Действительно, стратегия Владимира Сорокина состоит в безжалостном столкновении двух дискурсов, двух языков, двух несовместимых культурных пластов. Философ и филолог Вадим Руднев так описывает этот прием:

"Чаще всего его рассказы строятся по одной и той же схеме. Вначале идет обыкновенный, слегка излишне сочный пародийный соцартовский текст: повествование об охоте, комсомольском собрании, заседании парткома – но вдруг совершенно неожиданно и немотивированно происходит <...> прорыв в нечто ужасное и страшное, что и есть, по Сорокину, настоящая реальность. Как будто Буратино проткнул своим носом холст с нарисованным очагом, но обнаружил там не дверцу, а примерно то, что показывают в современных фильмах ужасов"[13].

Тексты В. Г. Сорокина в России стали издаваться лишь в 1990-е гг., хотя он начал активно писать на 10 лет раньше.

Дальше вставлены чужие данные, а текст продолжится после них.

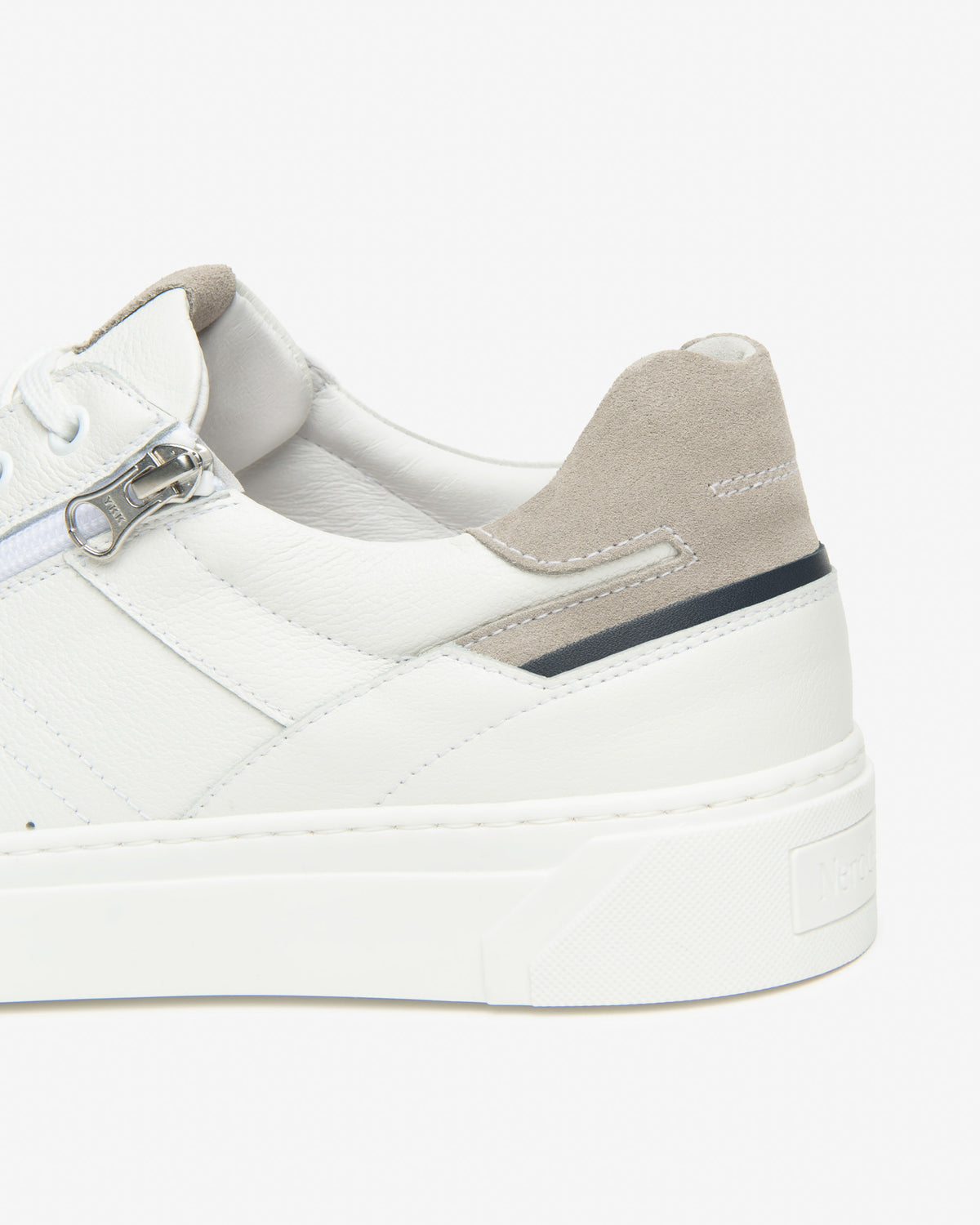 Sneakers da uomo in pelle NeroGiardini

В середине 1990-х выходят основные произведения писателя, созданные в 1980-е гг. и уже известные за рубежом: романы "Очередь" (1992), "Норма" (1994), "Тридцатая любовь Марины" (1995). В 1994 г. Сорокин пишет повесть "Сердца четырех" и роман "Роман". Совсем уж скандальную известность получает его роман "Голубое сало" (1999). В 2001 г. выходит сборник новых рассказов "Пир", а в 2002 г. – роман "Лед", где автор якобы порывает с концептуализмом. Наиболее репрезентативные книги Сорокина – "Роман" и "Пир".